- Web Scraping Legal Reddit
- Open Source Web Scraper
- Web Scraping Reddit Free
- Web Scraping With Python
- Reddit Scraper
- What Is Web Scraping
There’s a subreddit for everything.
I made a Python web scraping guide for beginners I've been web scraping professionally for a few years and decided to make a series of web scraping tutorials that I wish I had when I started. The series will follow a large project I'm building that analyzes political rhetoric in the news.
No matter what your interests are, you will most likely find a subreddit with a thriving community for each of them.
This also means that the information on some subreddits can be quite valuable. Either for marketing analysis, sentimental analysis or just for archival purposes.
Reddit and Web Scraping
- Python web-scraping reddit praw.
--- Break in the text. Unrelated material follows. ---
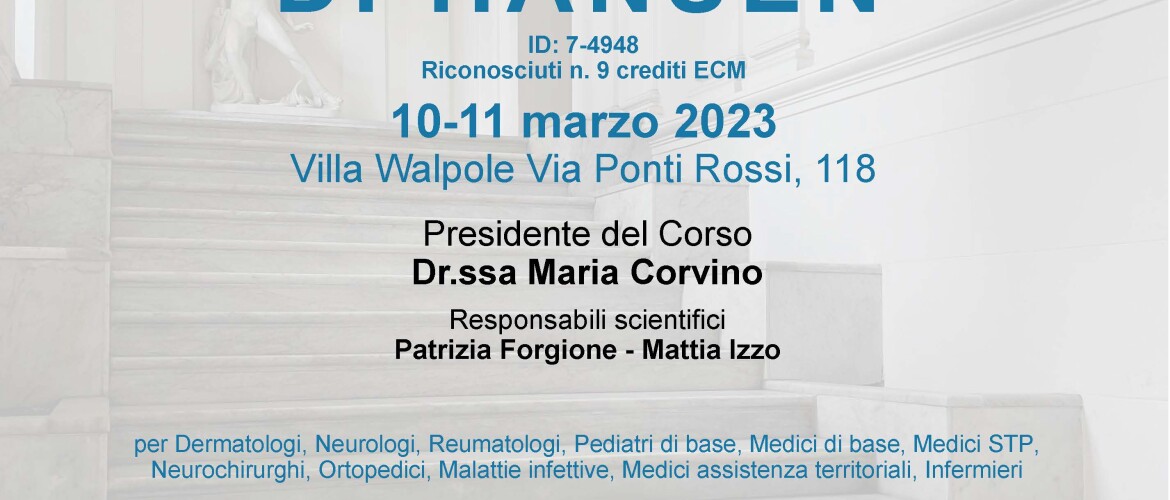 Locandina hansen senza programma con ID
Share improve this question follow edited Jun 8 at 13:32. Asked Jun 8 at 12:11. 23 6 6 bronze badges.
- Jan 05, 2019 As its name suggests PRAW is a Python wrapper for the Reddit API, which enables you to scrape data from subreddits, create a bot and much more. In this article, we will learn how to use PRAW to scrape posts from different subreddits as well as how to get comments from a specific post.
- Web scraping Reddit using Node JS and Puppeteer In this article, we will learn how to quickly scrape Reddit posts using Puppeteer. Puppeteer uses the Chromium browser behind the scenes to actually render HTML and Javascript and so is very useful if getting the.
Today, we will walk through the process of using a web scraper to extract all kinds of information from any subreddit. This includes links, comments, images, usernames and more.
To achieve this, we will use ParseHub, a powerful and free web scraper that can deal with any sort of dynamic website.
Want to learn more about web scraping? Check out our guide on web scraping and what it is used for.
Web Scraping Legal Reddit
Reddit and Web Scraping
For this example, we will scrape the r/deals subreddit. We will assume that we want to scrape these into a simple spreadsheet for us to analyze.
Additionally, we will scrape using the old reddit layout. Mainly because the layout allows for easier scraping due to how links work on the page.
Getting Started
- Make sure you download and open ParseHub, this will be the web scraper we will use for our project.
- In ParseHub, click on New Project and submit the URL of the subreddit you’d like to scrape. In this case, the r/deals subreddit. Make sure you are using the old.reddit.com version of the site.
Scraping The Subreddit’s Front page
- Once submitted, the URL will render inside ParseHub and you will be able to make your first selection.
- Start by clicking on the title of the first post on the page. It will be highlighted in green to indicate that it has been selected.
- The rest of the post titles on the page will also be highlighted in yellow. Click on the second post title on the page to select them all. They should all now turn green.
- On the left sidebar, rename your selection to posts. We have now told ParseHub to extract both the title and link URL for every post on the page.
- Now, use the PLUS (+) sign next to the post selection and select the Relative Select command.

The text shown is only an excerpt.